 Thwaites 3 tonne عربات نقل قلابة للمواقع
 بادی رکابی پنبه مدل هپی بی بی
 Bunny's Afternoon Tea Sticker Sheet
----
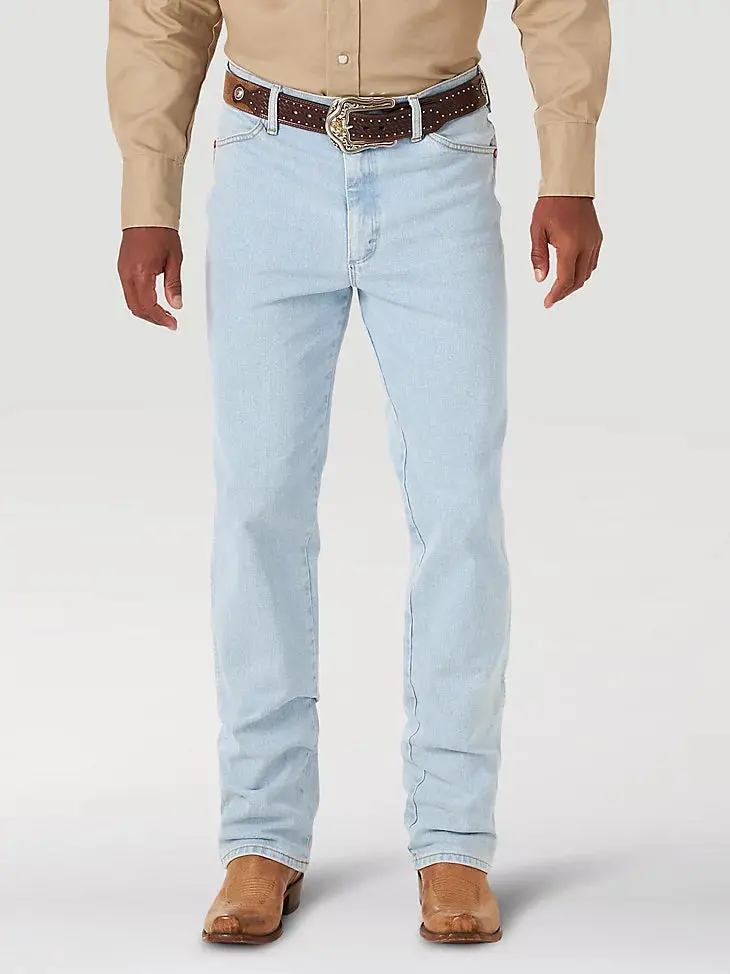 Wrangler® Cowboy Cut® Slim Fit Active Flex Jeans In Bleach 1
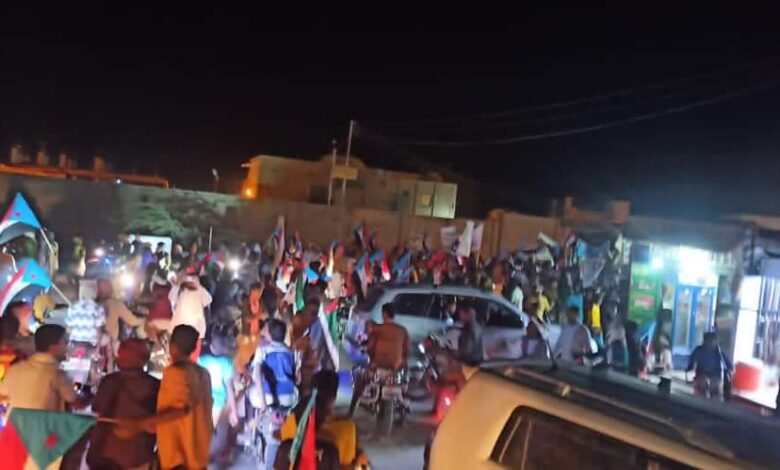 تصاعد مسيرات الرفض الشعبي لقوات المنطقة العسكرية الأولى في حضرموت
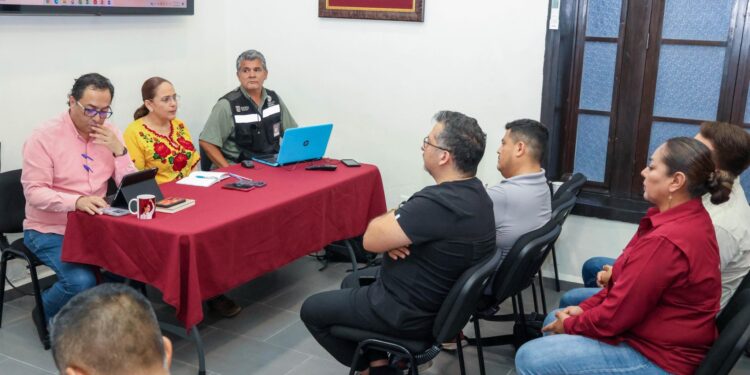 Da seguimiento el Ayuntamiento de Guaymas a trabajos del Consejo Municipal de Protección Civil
----
Exercise instructions:
Output the lines of the records above exactly as they appear, from the line containing "Thwaites 3 tonne عربات نقل قلابة للمواقع" through the line containing "Bunny's Afternoon Tea Sticker Sheet".

Your response:
 Thwaites 3 tonne عربات نقل قلابة للمواقع
 بادی رکابی پنبه مدل هپی بی بی
 Bunny's Afternoon Tea Sticker Sheet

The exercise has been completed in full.